Il m’est difficile de savoir ce que le Dr King pensait de l’homosexualité, sauf pour dire que je suis sûr qu’il aurait été sympathique et n’aurait pas eu un point de vue préjudiciable. Sinon, il ne m’aurait pas embauché. Il n’a jamais jugé nécessaire d’en discuter avec moi. Il subissait une pression extraordinaire concernant sa propre vie sexuelle. J. Edgar Hoover diffusait des histoires et des efforts très réels étaient déployés pour le piéger. Je pense qu’à un moment donné, il a dû prendre une décision. Mon homosexualité n’était pas un problème pour le Dr King mais un problème pour le mouvement.
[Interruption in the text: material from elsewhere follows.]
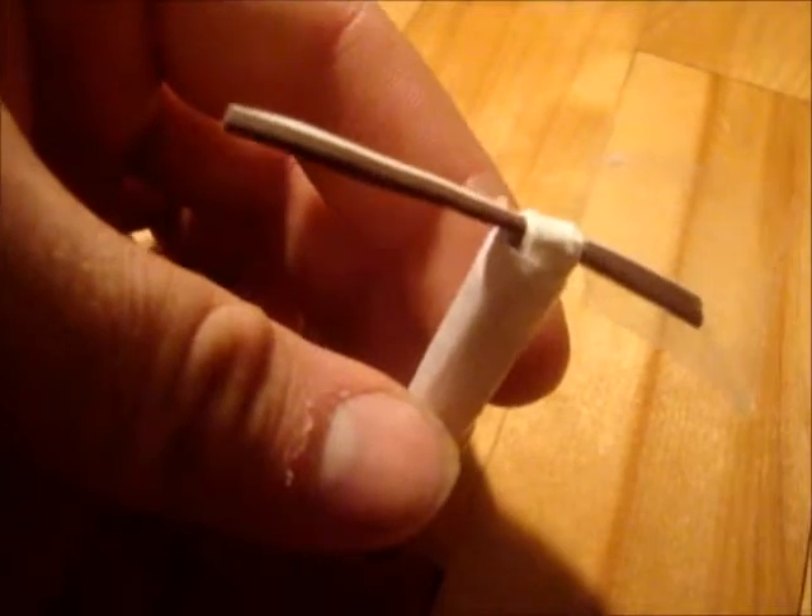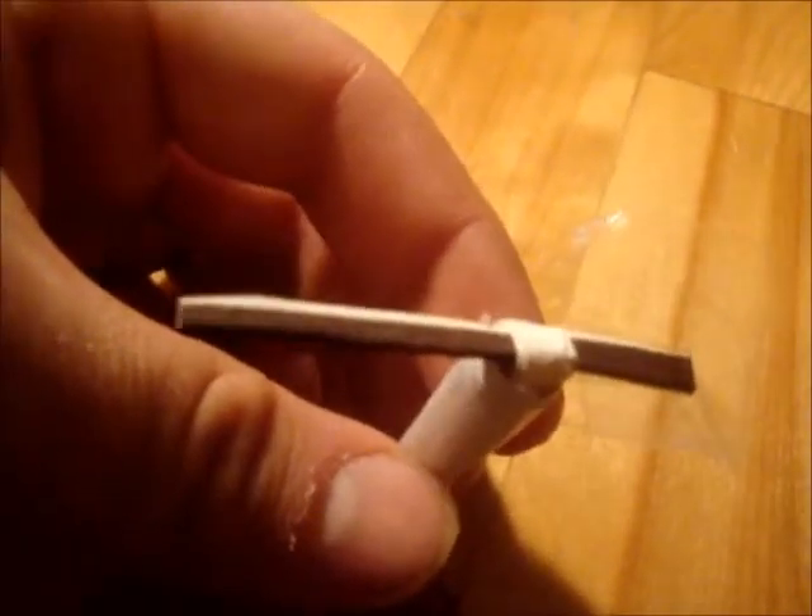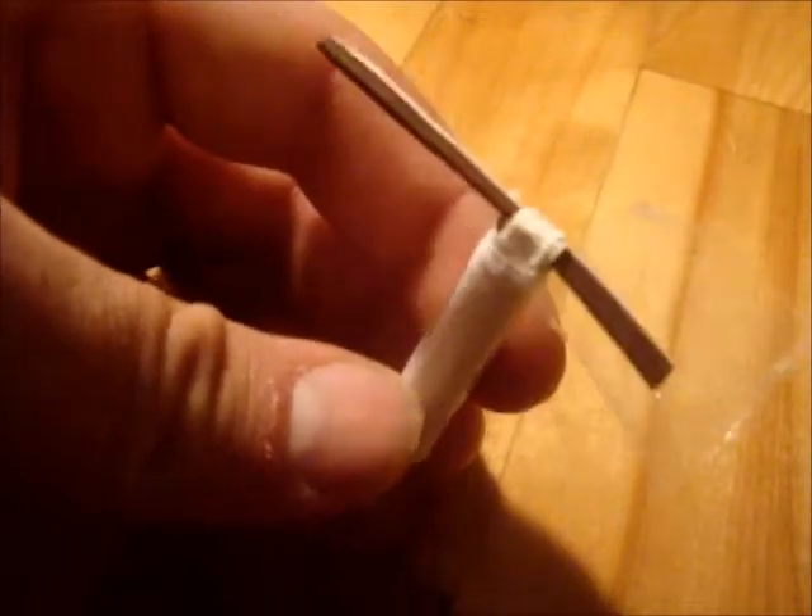Then on the top of the tube you place an actual match, and you take the striker from the matchbox, fold it over, put it on top of the match head. Then you put a loop of paper over it, tape it down, and put some more paper on it just to cover most of it.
Il a finalement décidé qu’il devait parler avec certaines personnes de son organisation. Le révérend Thomas Kilgore, un de mes bons amis et pasteur de la Friendship Baptist Church, était un homme vers qui le Dr King s’est tourné. Le révérend Kilgore a demandé à Martin de créer un comité pour le conseiller. Le comité a finalement décidé que ma vie sexuelle était un fardeau pour le Dr King. Je pense que c’était vers juillet lorsqu’ils lui ont conseillé de me demander de partir. J’ai dit au Dr King que si ses conseillers les plus proches pensaient que j’étais un fardeau, alors plutôt que de le mettre dans une position où il devait dire partir, j’irais. Il était tellement harcelé que j’ai senti qu’il était de mon devoir de le soulager autant que possible. Quelqu’un a envoyé à sa femme une cassette dans laquelle il était censé avoir une liaison avec une autre femme.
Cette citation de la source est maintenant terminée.